Ubicado a la par de los columpios, su parte alta alcanzaba –aunque ahora que lo escribo reconozco no estar seguro del todo- la misma altura que la parte cumbrera de aquellos: alrededor de dos metros. Hecho enteramente de tubos de metal (quizás de los que sobraron para llevar agua a los “chorros” ubicados en distintas partes del colegio): más angostos los que servían de baranda para la escalera y más gruesos los de la estructura a la que iban soldada la lámina que constituía el deslizadero propiamente hablando (¿nos deslizábamos también por los tubos laterales que, soldados al final de las gradas, servían de apoyo a la estructura del deslizadero?). Siendo de lata, imaginarán lo caliente que se ponía a medida que el sol caminaba hacia su cenit. Siempre estuvo en buenas condiciones, hay que decirlo, pues no recuerdo a ninguno de nosotros con manos o piernas heridas por un pedazo de lámina levantado. Imagino que algún día la grama pobló ese terreno donde se asentaban el complejo de deslizadero, columpios, bomberos y la rueda que giraba sobre su eje con asientos en la periferia (lo más peligroso de nuestros “X games”: meternos bajo la rueda mientras giraba con el riesgo de que nos golpearan las barras que sostenían los asientos), ya cuando los conocimos nosotros, si la hubo antes, había desaparecido bajo las frecuentes pisadas infantiles y la sombra cerrada de los laureles de la india que los separaban de la pared medianera con los demás casas y edificios del vecindario. Y cómo habríamos apreciado la grama. No solo por la estética del lugar y la nuestra (volvíamos a clases terrosos, mugres, aterrados, chucos, caretos, lo que usted prefiera para hacerse a la idea de niños con camisas blancas que jugaban y sudaban en esas áreas cada tiempo de recreo que tenían), sino también porque la grama habría sido amortiguadora para nuestros saltos y caídas que habríamos agradecido mucho. En los primeros dos grados, ya constituía hazaña suficiente subir las gradas y dejarse venir raudo por la lámina lisa (que se hacía más lisa con el polvo que subíamos en nuestras suelas), en los siguientes grados ya nos arriesgábamos a tratar de subir por el deslizadero (lo que no recuerdo si alguien logró). Sí me parece que en ocasión vi a alguno de grados superiores bajar corriendo, sin sentarse, el deslizadero, lo cual era ciertamente arriesgarse demasiado.

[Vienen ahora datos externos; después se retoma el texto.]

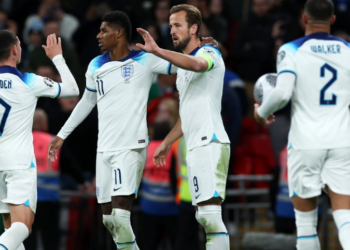 Anglia fiton, Italia rrezikon Europianin. Ukraina ende shpreson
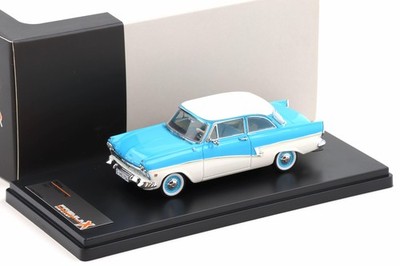 1:43 PremiumX Ford Taunus 17M Bleu/Blanc 1957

El período de fin de año me hizo recordar ese juego de infancia. Llegados a noviembre pareciera que estamos al final de las gradas del deslizadero y los dos últimos meses se deslizan imparables. Más si el Mundial de fútbol (por más soso que digan que estuvo) opaca toda otra noticia. Llegados a ese punto, no queda más que sentarse y soltarse. Uno, dos, tres segundos. No sé cuánto tiempo demoraba uno en bajar, pero no se sentía el tiempo. Nos parecía tan corto y tan bonita la sensación que, como el presidente, queríamos repetir. Y subíamos una y otra vez. A diferencia de la vida.
La vida también es un deslizadero. Aunque tenga siempre el mismo final para todos, la altura que se alcanza antes de deslizarse es diferente: para algunos es de apenas unos años, para otros es de muchos más. Las generaciones previas a las nuestras tenían deslizaderos más altos, duraban más.

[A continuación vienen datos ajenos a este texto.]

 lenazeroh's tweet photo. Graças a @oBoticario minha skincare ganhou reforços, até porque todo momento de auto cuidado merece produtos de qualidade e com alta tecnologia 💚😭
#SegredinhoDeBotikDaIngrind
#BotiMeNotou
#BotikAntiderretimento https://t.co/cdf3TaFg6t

Hemos llegado a una edad en la que sabemos que hemos terminado de subir las gradas. Sentimos el mismo vértigo que sentíamos de chicos que llegaron al final y hoy enfrentan el descenso raudo. Nos quedan uno, dos, tres… solo Él lo sabe. Lo importante es gozar y aprovechar lo que resta. Por eso me emociona tanto que, desde finales de febrero, tendré un compañero, casado, con hijos, derecho y bien hecho, que ha decidido aprovechar este tramo final de su vida para abrazar el diaconado. Y como dice bien Google “Un diácono es un hombre llamado por Dios a través de la Iglesia (vocación), quien después de un período de discernimiento, formación y preparación es ordenado por su obispo para servir las necesidades del pueblo de Dios”. Que Él lo ampare y guíe.